How it all started...

This is my very first post, of my very first blog! I hope to gain some readers who want to learn about the trials and tribulations of being a parent to children with deafness. I've decided to post excerpts from my diary entries starting back in 2004. My 2 sons are Indiana (born 2001) and Hunter (born 2002). Then there will be a time gap, and I will continue writing from the present time. Of course I am hoping that the people who read these, may have questions, and I am more than happy to answer these. So please enjoy reading about my life as a new mother of young boys, and how things have changed over time.
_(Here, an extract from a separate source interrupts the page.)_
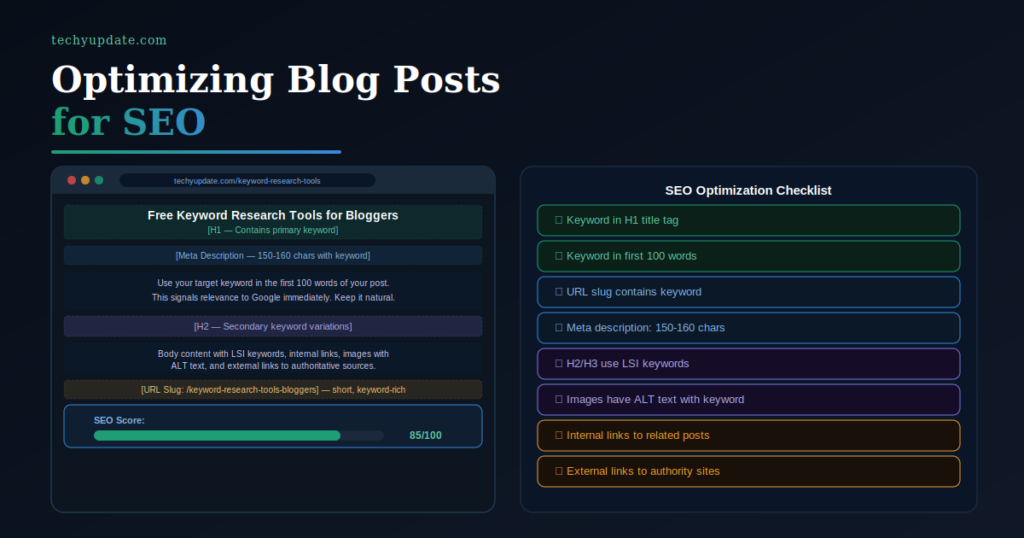 Keyword Research Tool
Here is my first entry -

Today is February 13th 2004. Well I guess I should start with a little history of Indiana and his behavior up until the day we found out he was deaf. As a baby, there were no indications whatsoever. One day, the front door slammed and Indi jumped a mile. I remember my mum saying to me; “there’s nothing wrong with his hearing”. He passed the 8 month standard hearing test, and I thought nothing of it. Of course he passed. There is no deafness in our family history. Now that I know, the one thing I look back on is that he rarely turned when we called his name. But I justified this by thinking he hadn’t learned his name yet. His physical developments were advanced. He walked at 10 months. He was climbing the couches by 12 months. He was throwing and catching by 15 months and feeding himself easily. Everything seemed in order.
It was between 12 and 15 months Indi’s behavior became very challenging. He seemed to never listen to us. We were trying to teach him right from wrong. We gave him plenty of positive attention when he was well behaved. But this was becoming less and less of the time. At 15 months I made an appointment to see my local maternal health nurse. Everything I told her about his behavior seemed to be classed as normal for that age. She gave me about 6 information sheets to read about challenging behaviour. For example – “Difficult Mealtimes”, “Time Out”, and “Behavioral techniques”.  We began putting Indiana into time-out at 15 months. We felt uncomfortable doing it. It made virtually no impact on his behavior. Sometimes it became worse with a lot of aggression. I started feeling very down on myself, thinking I was a bad mother because his behavior was so “full on” and, at times, uncontrollable. I felt like I was trying really hard, and getting nowhere. I didn’t understand why. I was an educated mother; I did not spoil my child and did not give in to his every demand. He ate healthy food, he slept well, and he had loving parents from a stable background.
I decided to get another hearing test for him. I don’t know exactly why I came to that decision; I knew he could actually hear me. I think I just wanted to rule out “something”. He passed it. He wasn’t exactly focused on the situation, easily distracted.  But the audiologist seemed to think he could hear the noise, but would only turn his head “in his own good time”. You see, he didn’t turn his head instantly to the noise, but only after a little bit of time passed, so she thought he could hear it, but was too focused on playing the game in front of him to turn instantly. This was November 15th 2002. Indi was 21 months old. His behavior steadily got worse. Occasionally he would respond well to something and I would think he was turning the corner. Like the time his communication seemed to suddenly improve. Somehow he appeared to understand and talk to us more. This helped both him and us. It was like the penny dropped, and he began to understand things, like consequences. He would go to do something wrong, and stop himself because he knew he would be sent to time out if he continued. Previously, he didn’t seem to care about any consequence or warnings. In hindsight, I think I started communicating to him on a different level - unconsciously. I think that somehow I knew - if I needed to talk to Indi and get his attention, I had to kneel down to his level, and talk close to his face. I didn’t register what I was doing, or why I was doing it. I guess it was some sort of maternal instinct.

1 comment:

  1. It is so interesting to read Monique, I can remember how helpless you feel as a new mum when a so-called professional says one thing, but you sort of think another. It takes a lot of courage to persist. I look forwards to reading more.